About this exercise:
Pictures are to be left out. Return exactly the lines below from the one with "High Neck Balloon" up to and including the one with "Rhodium Diamante Heart".

Data to examine:
--- --- ---

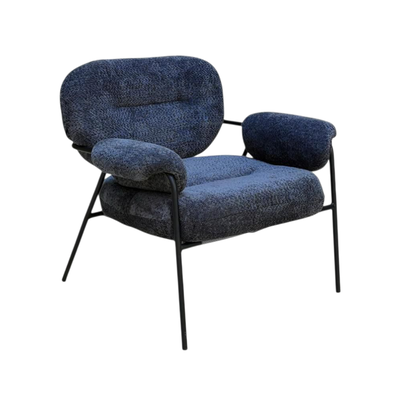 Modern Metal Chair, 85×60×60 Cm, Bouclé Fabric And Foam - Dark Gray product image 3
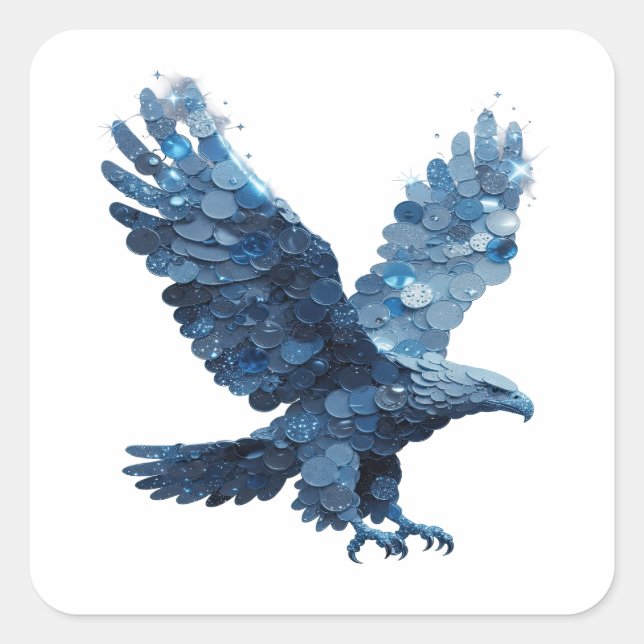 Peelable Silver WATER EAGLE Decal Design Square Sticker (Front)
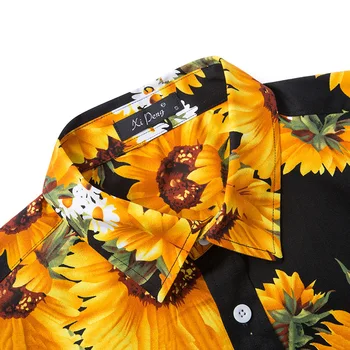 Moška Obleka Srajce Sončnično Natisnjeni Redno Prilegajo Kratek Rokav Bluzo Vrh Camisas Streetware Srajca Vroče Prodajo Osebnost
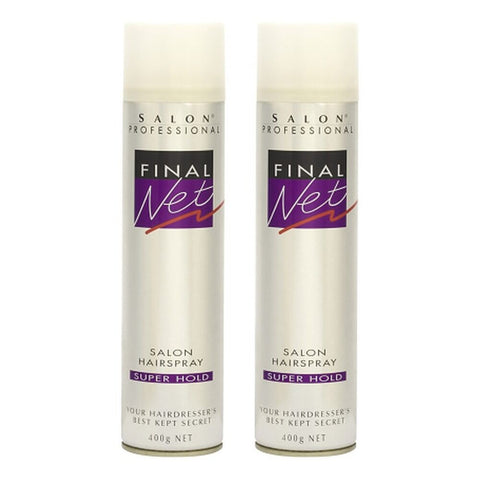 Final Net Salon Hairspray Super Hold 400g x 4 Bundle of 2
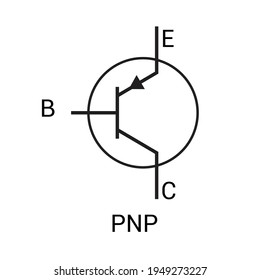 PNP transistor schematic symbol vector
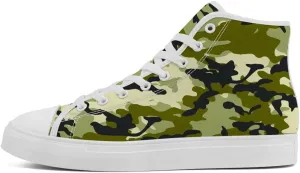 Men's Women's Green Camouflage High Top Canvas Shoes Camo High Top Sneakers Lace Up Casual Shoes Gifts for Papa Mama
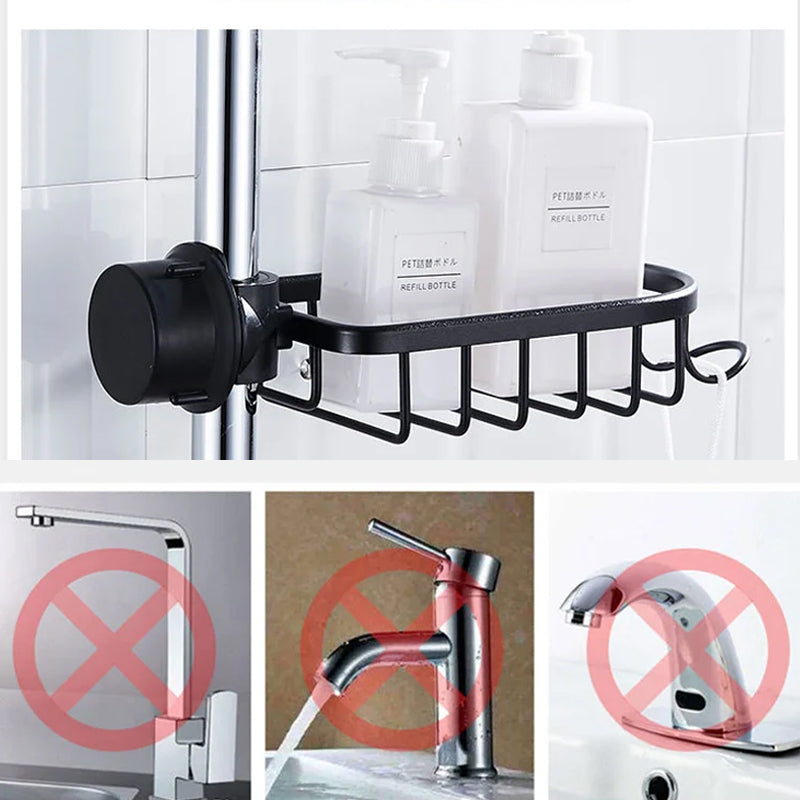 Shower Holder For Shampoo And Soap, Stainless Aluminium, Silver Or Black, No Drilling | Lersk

--- --- ---

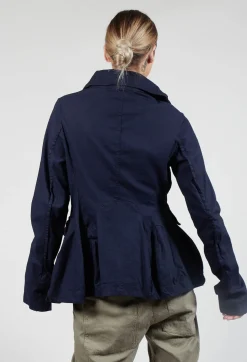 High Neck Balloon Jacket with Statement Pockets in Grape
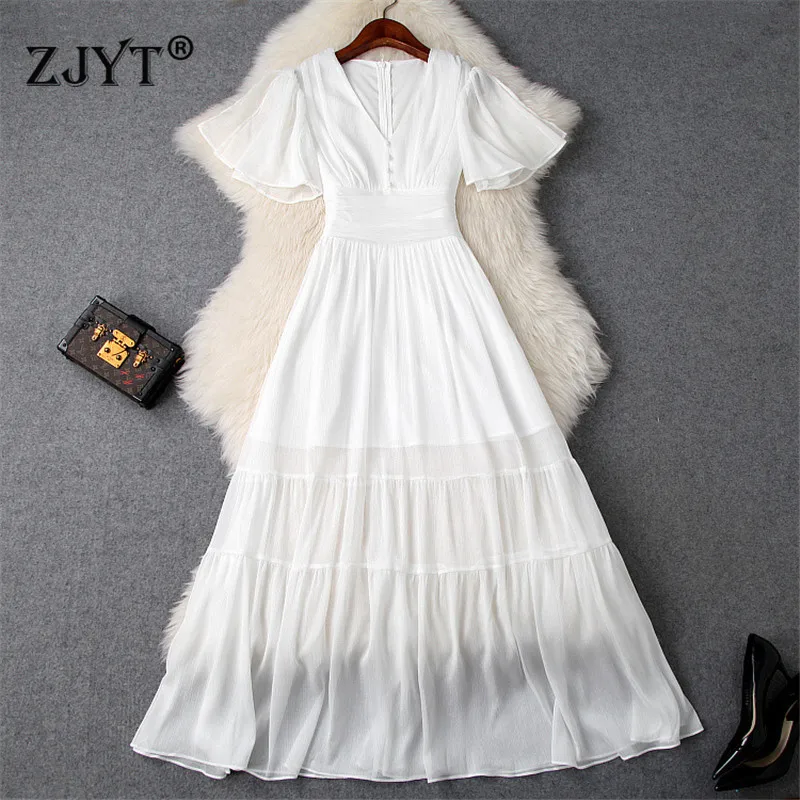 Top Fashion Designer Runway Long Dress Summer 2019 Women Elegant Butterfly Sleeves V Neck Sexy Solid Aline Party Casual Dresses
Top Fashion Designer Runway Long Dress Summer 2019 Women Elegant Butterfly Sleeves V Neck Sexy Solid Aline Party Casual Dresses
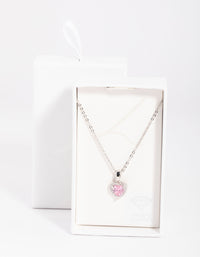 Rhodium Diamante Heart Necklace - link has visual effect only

--- --- ---

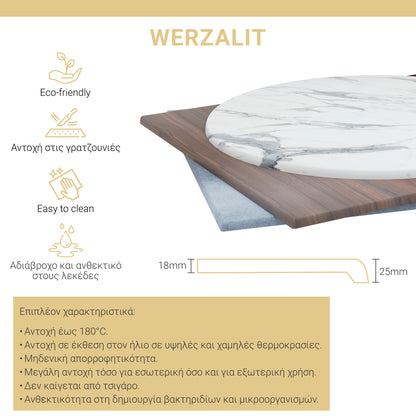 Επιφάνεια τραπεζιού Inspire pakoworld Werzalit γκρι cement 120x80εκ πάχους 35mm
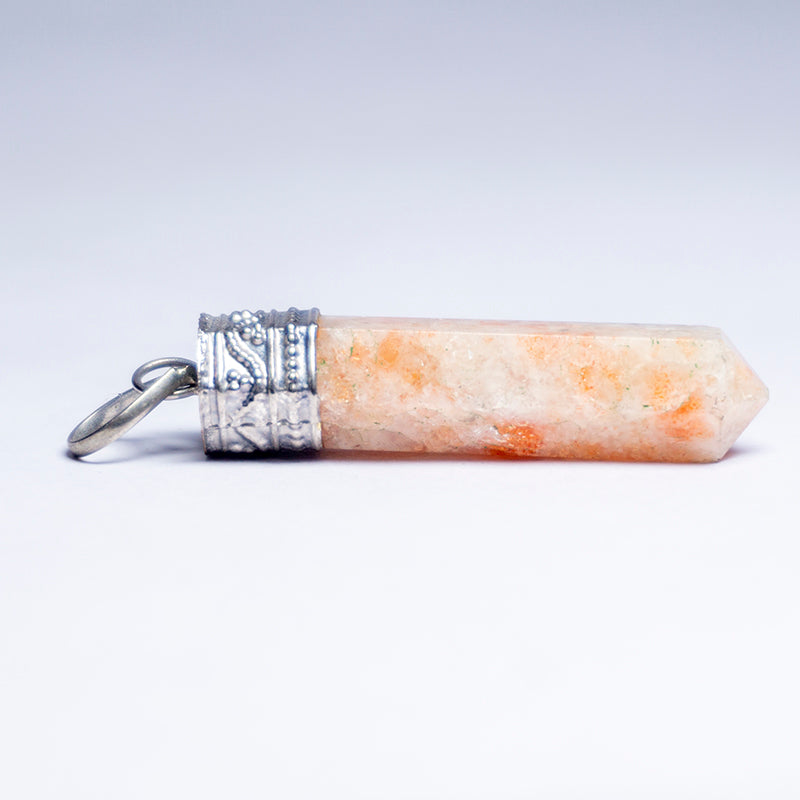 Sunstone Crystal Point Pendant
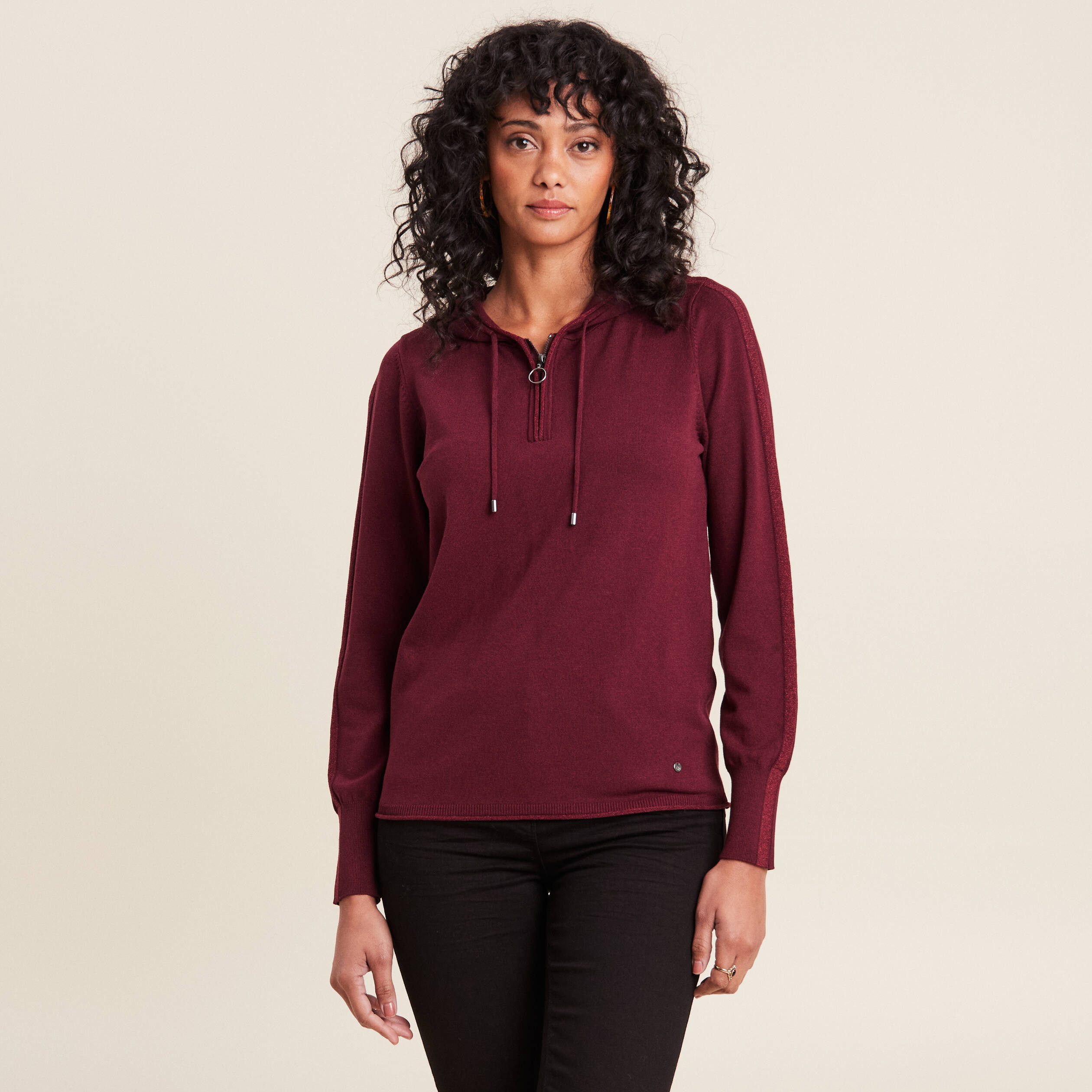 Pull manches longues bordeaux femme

--- --- ---

Answer for this exercise:
 High Neck Balloon Jacket with Statement Pockets in Grape
 Top Fashion Designer Runway Long Dress Summer 2019 Women Elegant Butterfly Sleeves V Neck Sexy Solid Aline Party Casual Dresses
Top Fashion Designer Runway Long Dress Summer 2019 Women Elegant Butterfly Sleeves V Neck Sexy Solid Aline Party Casual Dresses
 Rhodium Diamante Heart Necklace - link has visual effect only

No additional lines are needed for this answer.